Hi, I am new to Julia and struggling to formulate my model correctly. My model consists of:
-
A regressor x_t
-
An intermediate variable y_t = k * x_t + \eta, \eta ~ Normal(0, \sigma)
And finally a target variable z that is a function of y_t and its lags:
- z_t = \lambda * y_t + \lambda ^ 2 * y_(t-1) + \lambda ^ 3 * y_(t - 2) + …, \lambda ~ Uniform(0, 1)
The variables of interest are k, \eta and \lambda.
My issue is that I am unable to tell Julia that z_t is distributed as above, because by the time I get to defining it, the terms are numbers instead of distributions.
It might be possible to re-parametrize and define z_t as a normally distributed variable with mean equal to z_t above, and some variance that is a function of \eta and \lambda.

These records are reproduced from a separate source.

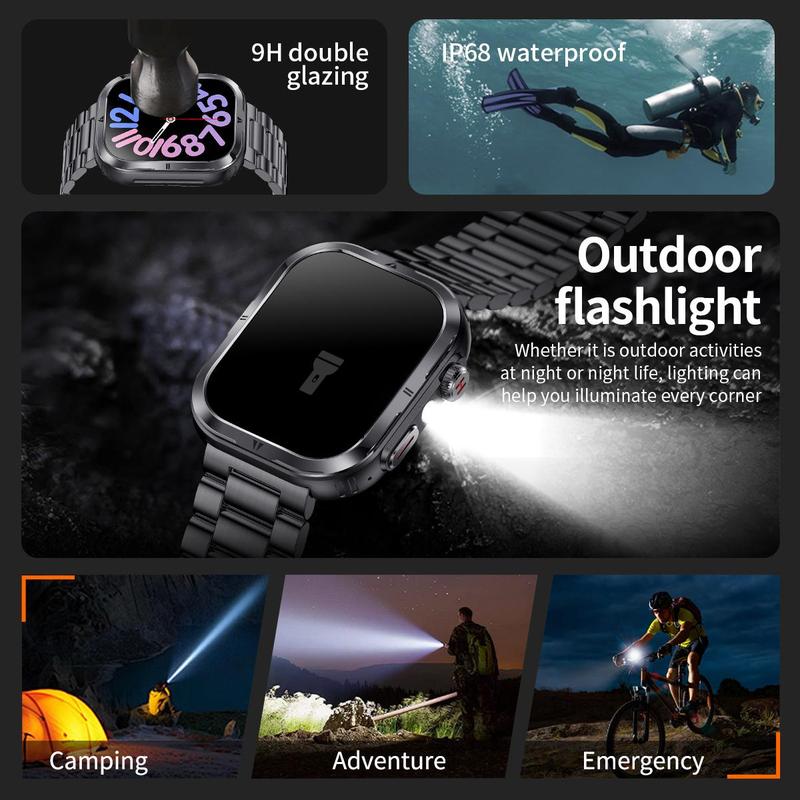 Multifunctional Smart Watch, Fashion Digital Watch with 100+ Sports Modes, IP67 Waterproof Sports Watch for Women and Men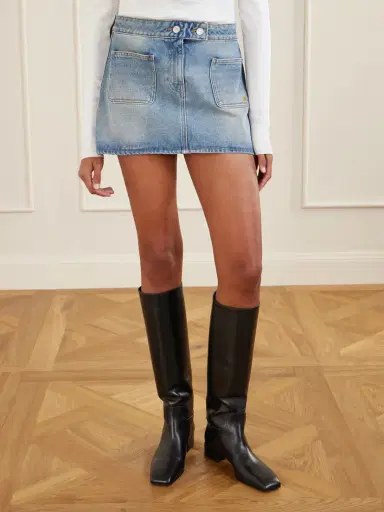 Courrèges Embroidered Denim Mini Skirt | Thumbnail 3 Courrèges Embroidered Denim Mini Skirt | Thumbnail 3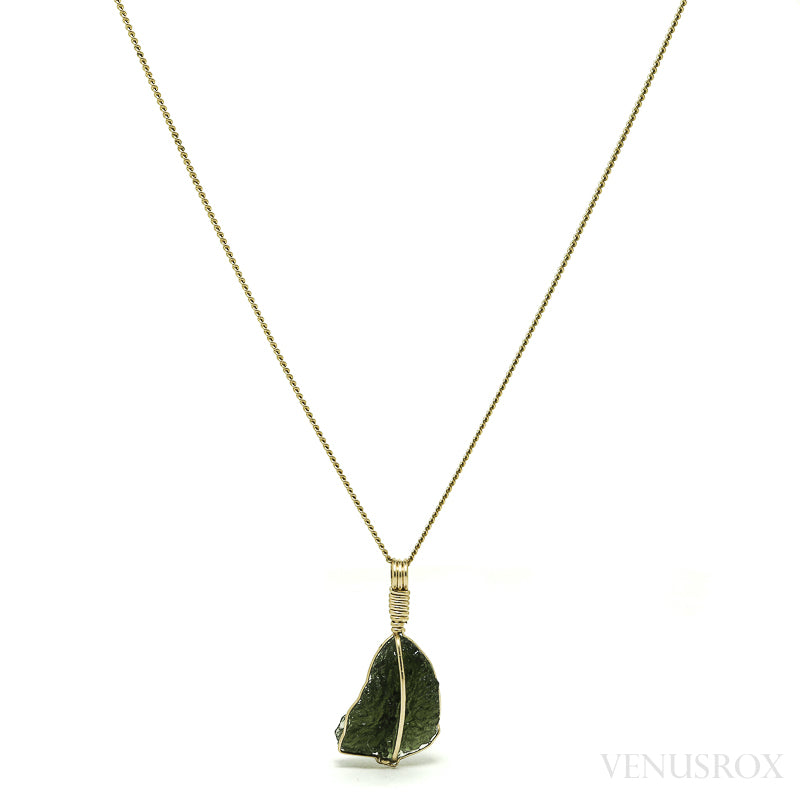 Natural Moldavite Crystal Pendant from Chlum, Czech Republic | Venusrox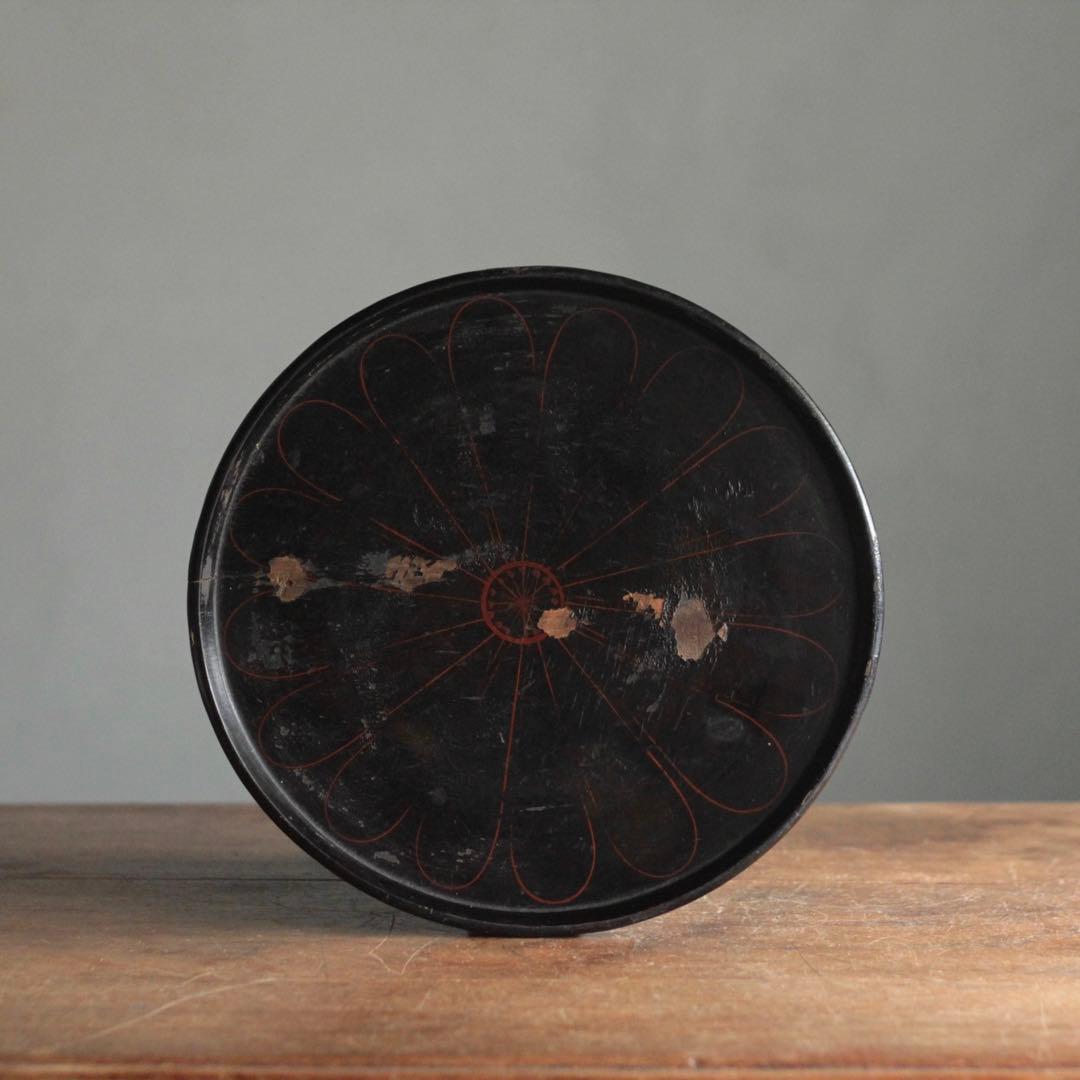 朽木塗 盆 朽木盆 No.2 枯れ盆 古美術 古道具 アンティーク やつれ盆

However I’m not willing to attempt to find this function because I’m sure there is a better way.
Below is a version of my code that produces semi-reasonable code, using 4 lags. I’ve attempted to use Distributions.convolute() multiple times to combine distributions, but I’m not sure how correct this is, and again I’m sure there is a better way.
using Turing, StatsPlots, Random
Random.seed!(123)
function lag_transform(λ, y)
# apply the lag transformation to y
y_type = promote_type(eltype(λ), eltype(y))
z = zeros(y_type, 0)
for i in 1:length(y)
powers = reverse([λ ^ k for k in range(1, stop=i)])
previous_terms = zeros(y_type, 0)
for j in 1:i
append!(previous_terms, y[j] * powers[j])
end
current_z_val = sum(previous_terms)
append!(z, current_z_val)
end
return z
end
# generate some test data
n_samples = 200
σ = 0.5
k = 2.3
λ = 0.7
x = 1:n_samples
y = [x_val * k + rand(Normal(0, σ)) for x_val in x]
z = lag_transform(λ, y)
@model function model_func(x, z)
k ~ Uniform(0.5, 3)
λ ~ Uniform(0.4, 1)
σ ~ truncated(Normal(0, 1), 0, Inf)
y = TArray([convert(Real, k * x_val) for x_val in x])
powers = TArray([convert(Real, λ ^ i) for i in 1:5])
for n in 5:length(y) # start on 5, because we use the previous 4 lags
normals = [
Normal(powers[1] * y[n], powers[1] * σ),
Normal(powers[2] * y[n - 1], powers[2] * σ),
Normal(powers[3] * y[n - 2], powers[3] * σ),
Normal(powers[4] * y[n - 3], powers[4] * σ),
Normal(powers[5] * y[n - 4], powers[5] * σ)
]
z[n] ~ reduce(convolve, normals)
end
end
model = model_func(x, z[5:end]) # dont pass all of z_t, because we use the previous 4 lags
chain = sample(model, NUTS(), 5000)
plot(chain)
I’ve also tried some other solutions (looking into @submodels, !addlogprob, etc.) but have been completely unsuccessful. Thanks!